In Somerset, the local council said the county’s high rates were due to the false negative results that had been distributed by the private lab. Consequently, people who were wrongly told they weren’t infected did not isolate at home and continued to spread the virus, the council said.

“In recent weeks, we have seen a rise of Covid-19 cases with rates in educational settings now representing the majority of all Somerset cases; this is in line with what is being seen regionally,” a spokesperson for Somerset County Council added.

“This situation really does show the importance and effectiveness of self-isolation for people who are symptomatic or with a positive PCR test result. The public health team continue to work very closely with schools on an individual basis put in place necessary control measures as per the national policy.”

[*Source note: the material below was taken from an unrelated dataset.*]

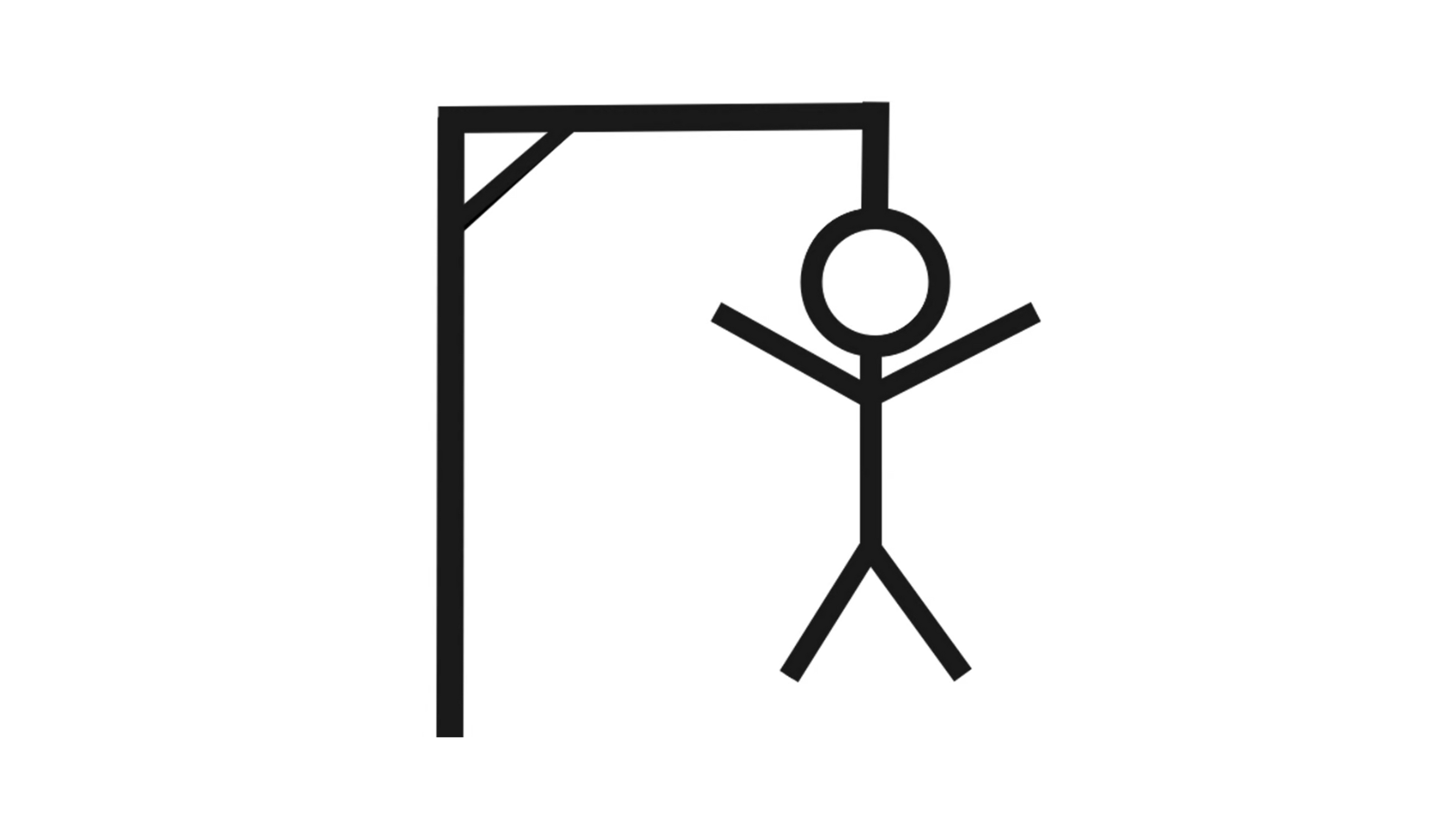 Hangman Games Illustration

Prof Yates said he has heard stories of individuals who believed they were negative after receiving their PCR result. “Some of these people then went into work whilst infectious and days later their colleagues have become infected,” he added.

“While the link between the cases is not definitely, it does seem extremely likely that this was the route of transmission.”

UKHSA is now investigating the Wolverhampton lab, which is owned by Immensa Health Clinic, a private company that was first set up in May 2020 and later handed a £120 million contract by the government to provide testing services for the UK.

The Guardian reported on Monday that the lab was not fully accredited for Covid testing, contrary to assurances made by health officials.

Authorities appear to have been first alerted to the issue following reports that people across England had received a negative PCR test result after previously returning a positive result through a Lateral Flow Device (LFD).

Colin Angus, a senior research fellow and health inequalities modeller at the University of Sheffield, cautioned against over-interpreting the surge in cases across the South West now that the lab issue has been identified.

“It’s not just that we’re now seeing the ‘truth’ that was there all along,” he said. “There’s also likely to be a big surge in the number of people tested – people who received a potentially inaccurate negative PCR and wanted to check if it was right, close contacts of those people who thought they were safe and now aren’t sure, people who might just have lost a bit of faith in the system and want to check.”

“So I’d expect the positivity rate to also fall well out of sync in the South West and it will take a week or more until these effects all come out in the wash before we can tell how the ‘true’ case rates in the region compare to the rest of the country.”

UKHSA said its investigation into the Immensa lab will include an assessment of any potential impact the incident has had on case rates in England.